• **Task requirements**:
For the entries below, repeat exactly each line starting with the one that contains "524 Nonopoge Rd, Fairfield, CT" and going on through the one that contains "2776 Shelburne Road", and no others.

• **Exercise material**:

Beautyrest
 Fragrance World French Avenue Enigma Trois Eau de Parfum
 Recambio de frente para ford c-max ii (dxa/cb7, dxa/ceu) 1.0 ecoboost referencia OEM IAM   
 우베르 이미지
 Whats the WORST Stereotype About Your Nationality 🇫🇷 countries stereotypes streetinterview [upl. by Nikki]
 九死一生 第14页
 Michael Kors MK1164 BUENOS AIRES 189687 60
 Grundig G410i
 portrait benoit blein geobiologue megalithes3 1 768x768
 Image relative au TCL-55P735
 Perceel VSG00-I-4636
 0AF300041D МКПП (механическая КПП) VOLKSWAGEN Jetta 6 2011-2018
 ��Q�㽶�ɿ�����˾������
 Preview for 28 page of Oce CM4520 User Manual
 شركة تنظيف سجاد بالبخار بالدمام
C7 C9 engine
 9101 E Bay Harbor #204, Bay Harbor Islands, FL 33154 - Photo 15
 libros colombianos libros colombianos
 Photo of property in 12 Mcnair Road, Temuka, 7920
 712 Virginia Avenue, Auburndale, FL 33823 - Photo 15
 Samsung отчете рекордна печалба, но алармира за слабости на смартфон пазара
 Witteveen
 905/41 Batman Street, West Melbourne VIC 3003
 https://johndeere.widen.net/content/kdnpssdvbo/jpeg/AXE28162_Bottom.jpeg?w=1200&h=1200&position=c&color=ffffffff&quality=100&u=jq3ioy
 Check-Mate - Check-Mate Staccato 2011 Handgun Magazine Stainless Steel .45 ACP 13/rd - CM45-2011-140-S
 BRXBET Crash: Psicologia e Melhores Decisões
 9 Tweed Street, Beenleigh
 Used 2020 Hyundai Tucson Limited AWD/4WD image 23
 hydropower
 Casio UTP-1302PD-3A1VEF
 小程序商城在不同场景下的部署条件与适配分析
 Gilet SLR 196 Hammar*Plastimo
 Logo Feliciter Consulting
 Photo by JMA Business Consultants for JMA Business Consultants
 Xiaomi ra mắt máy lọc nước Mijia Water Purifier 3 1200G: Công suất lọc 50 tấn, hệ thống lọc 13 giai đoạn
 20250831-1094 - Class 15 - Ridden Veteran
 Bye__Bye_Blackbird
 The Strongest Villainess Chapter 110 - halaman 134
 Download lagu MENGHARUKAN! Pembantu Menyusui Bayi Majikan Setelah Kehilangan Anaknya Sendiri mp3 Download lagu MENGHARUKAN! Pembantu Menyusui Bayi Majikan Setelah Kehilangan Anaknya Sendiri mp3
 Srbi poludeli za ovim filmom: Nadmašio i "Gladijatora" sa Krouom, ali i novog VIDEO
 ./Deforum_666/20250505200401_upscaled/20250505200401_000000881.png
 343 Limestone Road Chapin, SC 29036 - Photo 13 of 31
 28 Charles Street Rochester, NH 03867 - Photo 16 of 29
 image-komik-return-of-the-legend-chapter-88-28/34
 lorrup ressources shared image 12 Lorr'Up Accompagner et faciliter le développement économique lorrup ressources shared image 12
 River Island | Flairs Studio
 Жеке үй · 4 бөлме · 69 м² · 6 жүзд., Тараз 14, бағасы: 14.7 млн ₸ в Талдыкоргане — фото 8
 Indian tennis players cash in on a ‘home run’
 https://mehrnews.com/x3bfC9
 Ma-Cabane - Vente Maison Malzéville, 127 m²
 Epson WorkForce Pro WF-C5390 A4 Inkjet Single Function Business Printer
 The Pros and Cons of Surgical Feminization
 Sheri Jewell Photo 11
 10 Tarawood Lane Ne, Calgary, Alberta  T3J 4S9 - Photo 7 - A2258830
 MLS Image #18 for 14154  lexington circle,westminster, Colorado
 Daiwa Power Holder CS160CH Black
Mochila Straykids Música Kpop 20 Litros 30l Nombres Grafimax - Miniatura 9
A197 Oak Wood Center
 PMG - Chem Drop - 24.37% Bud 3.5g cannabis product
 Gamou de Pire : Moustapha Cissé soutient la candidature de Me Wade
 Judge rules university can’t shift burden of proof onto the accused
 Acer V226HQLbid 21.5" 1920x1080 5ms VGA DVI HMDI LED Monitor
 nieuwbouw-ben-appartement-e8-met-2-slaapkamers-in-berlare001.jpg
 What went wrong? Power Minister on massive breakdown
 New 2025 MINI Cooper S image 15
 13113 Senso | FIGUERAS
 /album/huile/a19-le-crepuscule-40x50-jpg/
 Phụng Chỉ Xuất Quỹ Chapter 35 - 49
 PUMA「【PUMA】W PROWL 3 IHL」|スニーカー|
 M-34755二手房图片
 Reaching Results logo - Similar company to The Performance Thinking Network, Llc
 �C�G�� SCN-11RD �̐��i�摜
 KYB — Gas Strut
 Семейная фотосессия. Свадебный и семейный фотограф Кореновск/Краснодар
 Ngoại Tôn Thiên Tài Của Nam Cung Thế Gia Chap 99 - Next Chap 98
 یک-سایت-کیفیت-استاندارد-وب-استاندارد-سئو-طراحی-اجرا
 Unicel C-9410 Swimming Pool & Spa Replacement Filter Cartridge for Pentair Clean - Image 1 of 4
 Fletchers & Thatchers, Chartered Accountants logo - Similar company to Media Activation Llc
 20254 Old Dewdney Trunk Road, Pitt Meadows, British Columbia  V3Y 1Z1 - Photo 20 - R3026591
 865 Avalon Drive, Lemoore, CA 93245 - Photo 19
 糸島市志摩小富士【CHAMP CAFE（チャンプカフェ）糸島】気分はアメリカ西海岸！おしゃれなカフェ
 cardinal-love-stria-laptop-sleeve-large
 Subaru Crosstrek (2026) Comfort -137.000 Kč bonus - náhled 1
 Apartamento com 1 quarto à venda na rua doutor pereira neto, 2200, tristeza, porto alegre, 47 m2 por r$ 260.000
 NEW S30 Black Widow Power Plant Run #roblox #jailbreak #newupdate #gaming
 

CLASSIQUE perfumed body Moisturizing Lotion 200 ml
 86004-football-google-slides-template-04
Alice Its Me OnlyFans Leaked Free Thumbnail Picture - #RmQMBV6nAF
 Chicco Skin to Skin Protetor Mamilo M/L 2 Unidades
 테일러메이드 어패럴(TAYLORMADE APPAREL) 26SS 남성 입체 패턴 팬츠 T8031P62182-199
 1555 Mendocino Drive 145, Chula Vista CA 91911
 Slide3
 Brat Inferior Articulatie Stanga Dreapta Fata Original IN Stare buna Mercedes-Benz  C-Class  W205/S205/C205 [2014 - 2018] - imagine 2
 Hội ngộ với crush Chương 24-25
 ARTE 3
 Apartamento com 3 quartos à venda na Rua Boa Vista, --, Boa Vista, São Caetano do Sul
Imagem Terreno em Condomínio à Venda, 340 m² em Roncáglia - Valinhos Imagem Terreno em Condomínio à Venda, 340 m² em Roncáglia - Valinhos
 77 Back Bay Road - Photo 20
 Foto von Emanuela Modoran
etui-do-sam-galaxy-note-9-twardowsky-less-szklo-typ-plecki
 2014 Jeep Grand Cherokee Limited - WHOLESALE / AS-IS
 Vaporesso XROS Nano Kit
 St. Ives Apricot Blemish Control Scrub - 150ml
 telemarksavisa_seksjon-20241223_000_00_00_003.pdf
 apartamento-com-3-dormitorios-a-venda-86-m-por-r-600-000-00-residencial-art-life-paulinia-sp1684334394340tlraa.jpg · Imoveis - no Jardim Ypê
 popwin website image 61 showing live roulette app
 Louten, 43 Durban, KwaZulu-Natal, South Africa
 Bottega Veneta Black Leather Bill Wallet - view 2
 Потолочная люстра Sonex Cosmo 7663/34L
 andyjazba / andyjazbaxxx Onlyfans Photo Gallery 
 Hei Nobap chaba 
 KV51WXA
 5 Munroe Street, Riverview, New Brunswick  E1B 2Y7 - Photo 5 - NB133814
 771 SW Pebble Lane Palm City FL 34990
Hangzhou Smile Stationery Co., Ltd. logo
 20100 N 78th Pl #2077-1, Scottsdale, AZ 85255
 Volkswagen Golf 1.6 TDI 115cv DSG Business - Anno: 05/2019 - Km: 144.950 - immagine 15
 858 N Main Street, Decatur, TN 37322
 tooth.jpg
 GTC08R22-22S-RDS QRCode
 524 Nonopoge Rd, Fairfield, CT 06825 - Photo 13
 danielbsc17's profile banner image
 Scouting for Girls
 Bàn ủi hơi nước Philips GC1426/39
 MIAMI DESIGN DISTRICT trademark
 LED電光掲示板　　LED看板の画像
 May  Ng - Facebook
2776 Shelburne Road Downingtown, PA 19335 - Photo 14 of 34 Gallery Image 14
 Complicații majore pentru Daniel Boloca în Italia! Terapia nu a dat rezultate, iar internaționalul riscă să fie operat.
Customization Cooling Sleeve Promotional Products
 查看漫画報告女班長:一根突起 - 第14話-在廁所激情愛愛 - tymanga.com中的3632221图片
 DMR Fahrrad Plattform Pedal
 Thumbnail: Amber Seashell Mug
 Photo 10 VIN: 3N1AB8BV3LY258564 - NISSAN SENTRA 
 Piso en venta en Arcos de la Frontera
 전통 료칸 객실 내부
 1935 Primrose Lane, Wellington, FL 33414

• **Response to the task**:
 524 Nonopoge Rd, Fairfield, CT 06825 - Photo 13
 danielbsc17's profile banner image
 Scouting for Girls
 Bàn ủi hơi nước Philips GC1426/39
 MIAMI DESIGN DISTRICT trademark
 LED電光掲示板　　LED看板の画像
 May  Ng - Facebook
2776 Shelburne Road Downingtown, PA 19335 - Photo 14 of 34 Gallery Image 14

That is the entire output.